### [Task item]
Once you find the line with "Magnet Fancy Case" in the data that follows, repeat it and every line after it exactly, through the line with "Diana | Botas".

[Items from a data source]
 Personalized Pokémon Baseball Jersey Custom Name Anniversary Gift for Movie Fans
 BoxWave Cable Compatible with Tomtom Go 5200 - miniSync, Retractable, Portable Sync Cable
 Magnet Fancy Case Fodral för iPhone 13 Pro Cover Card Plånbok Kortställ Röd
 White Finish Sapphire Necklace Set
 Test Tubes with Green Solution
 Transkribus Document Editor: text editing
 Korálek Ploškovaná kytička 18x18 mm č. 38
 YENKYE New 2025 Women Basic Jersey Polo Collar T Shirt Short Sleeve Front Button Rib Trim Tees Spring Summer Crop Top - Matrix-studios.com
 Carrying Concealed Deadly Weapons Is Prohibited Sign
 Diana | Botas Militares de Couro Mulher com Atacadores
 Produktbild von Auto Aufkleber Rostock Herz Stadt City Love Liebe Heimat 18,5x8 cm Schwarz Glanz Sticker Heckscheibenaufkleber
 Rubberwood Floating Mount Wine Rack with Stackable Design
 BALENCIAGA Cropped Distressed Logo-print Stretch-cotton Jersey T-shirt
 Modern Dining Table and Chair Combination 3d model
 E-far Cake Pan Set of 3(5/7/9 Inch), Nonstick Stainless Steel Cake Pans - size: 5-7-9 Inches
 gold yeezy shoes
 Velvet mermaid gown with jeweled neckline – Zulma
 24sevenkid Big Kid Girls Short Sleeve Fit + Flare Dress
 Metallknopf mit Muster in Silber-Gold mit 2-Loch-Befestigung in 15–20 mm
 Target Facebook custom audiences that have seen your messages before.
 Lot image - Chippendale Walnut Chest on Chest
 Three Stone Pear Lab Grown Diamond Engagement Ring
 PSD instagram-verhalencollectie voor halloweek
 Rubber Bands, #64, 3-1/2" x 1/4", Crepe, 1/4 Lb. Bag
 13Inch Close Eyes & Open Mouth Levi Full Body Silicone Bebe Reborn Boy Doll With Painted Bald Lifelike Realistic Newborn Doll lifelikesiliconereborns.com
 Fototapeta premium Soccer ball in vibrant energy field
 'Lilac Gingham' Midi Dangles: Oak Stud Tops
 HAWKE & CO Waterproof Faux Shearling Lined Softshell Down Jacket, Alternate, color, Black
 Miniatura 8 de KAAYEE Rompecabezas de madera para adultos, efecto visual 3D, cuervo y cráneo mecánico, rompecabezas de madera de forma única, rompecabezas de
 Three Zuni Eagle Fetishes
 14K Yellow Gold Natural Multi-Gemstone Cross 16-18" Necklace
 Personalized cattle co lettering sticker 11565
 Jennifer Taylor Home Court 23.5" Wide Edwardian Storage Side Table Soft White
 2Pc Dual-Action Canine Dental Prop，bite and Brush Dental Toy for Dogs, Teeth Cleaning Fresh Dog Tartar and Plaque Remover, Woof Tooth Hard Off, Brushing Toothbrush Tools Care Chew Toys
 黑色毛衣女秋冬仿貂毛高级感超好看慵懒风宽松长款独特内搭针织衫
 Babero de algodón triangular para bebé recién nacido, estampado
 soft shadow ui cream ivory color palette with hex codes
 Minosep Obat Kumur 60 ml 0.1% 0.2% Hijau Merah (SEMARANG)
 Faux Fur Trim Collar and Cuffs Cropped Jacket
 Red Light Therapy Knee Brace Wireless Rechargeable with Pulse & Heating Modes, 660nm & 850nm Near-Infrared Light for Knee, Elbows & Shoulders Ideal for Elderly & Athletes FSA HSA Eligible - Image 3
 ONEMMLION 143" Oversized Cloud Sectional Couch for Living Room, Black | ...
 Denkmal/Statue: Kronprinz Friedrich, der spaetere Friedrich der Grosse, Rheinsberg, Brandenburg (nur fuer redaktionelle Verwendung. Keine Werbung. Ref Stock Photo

### [Response area]
 Magnet Fancy Case Fodral för iPhone 13 Pro Cover Card Plånbok Kortställ Röd
 White Finish Sapphire Necklace Set
 Test Tubes with Green Solution
 Transkribus Document Editor: text editing
 Korálek Ploškovaná kytička 18x18 mm č. 38
 YENKYE New 2025 Women Basic Jersey Polo Collar T Shirt Short Sleeve Front Button Rib Trim Tees Spring Summer Crop Top - Matrix-studios.com
 Carrying Concealed Deadly Weapons Is Prohibited Sign
 Diana | Botas Militares de Couro Mulher com Atacadores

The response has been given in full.